I want to say there are twenty rows in a typical store. There are really closer to fifteen, but you've got to account for those outer areas that aren't rows, like the butcher counter and bakery and produce and floral too.

Now I want to break down the number of items in each row more precisely. Each row (besides maybe the outer two) has two sides, is about 70 feet long, has an average of 10 shelves, and each shelf is about 2 feet deep. Now we just need an estimate for the number of items on the typical square-foot of a single shelf. Thinking about Benford's Law again, and assuming that most products come in packages that have a roughly square base, I'd estimate there to be $3.44^2$ items per square-foot of shelf. Multiplying all of these we get that there are about

$$2 \times 70 \times 10 \times 2 \times 3.44^2 \approx 33,\!134 $$

items per row. Then we calculate the total price to be

$$\begin{align} \mathrm{TotalPrice} &= \mathrm{AverageItemPrice}\times \mathrm{NumberOfRows}\times \mathrm{ItemsPerRow} \\ &= \$ 4\times 20\times 33,\!134 \\ &= \$ 2,\!650,\!720 \end{align} $$

1

Fill a cart with random items, and check its price. Then eyeball the total shelf room and guesstimate the number of carts required to haul everything. Multiply the two.

1

Take a look at the end of the day at the proportion empty the shelves are before they start restocking. This will enable you to work out the proportion of a full shop's stock which is sold each day. Then look up the store's turnover in their accounts, and divide that by 365.
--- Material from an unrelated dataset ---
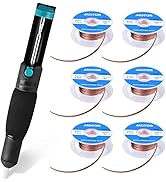 AUSTOR Desoldering Sucker and 6 Pcs Solder Braid Wick (2.0mm/2.5mm/3.0mm Width, 1.5m Length) with...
The ratio of these two numbers gives you the exact total value of stock within a fully stocked shop, provided that the average time of any given product on the shelf is independent of its volume/price ratio.

1

As you note,

there is a vast range of difference prices for items, and vast ranges of items per row

Indeed, most of the distributions we encounter in daily life are not uniform distributions over an interval. It is from this observation that Benford's law has been developed.

So to model the prices, and possibly also the size of the items on the shelves, I think you should use e.g. a log uniform law, which obeys Benford's law.

0

Get the latest financial statement from the company that owns the store. The total value of inventory (as of a certain date) should be listed. Divide by the number of stores owned.

-2

Enter the grocery shop and say "I want everything.". The answer is the price they ask you to pay.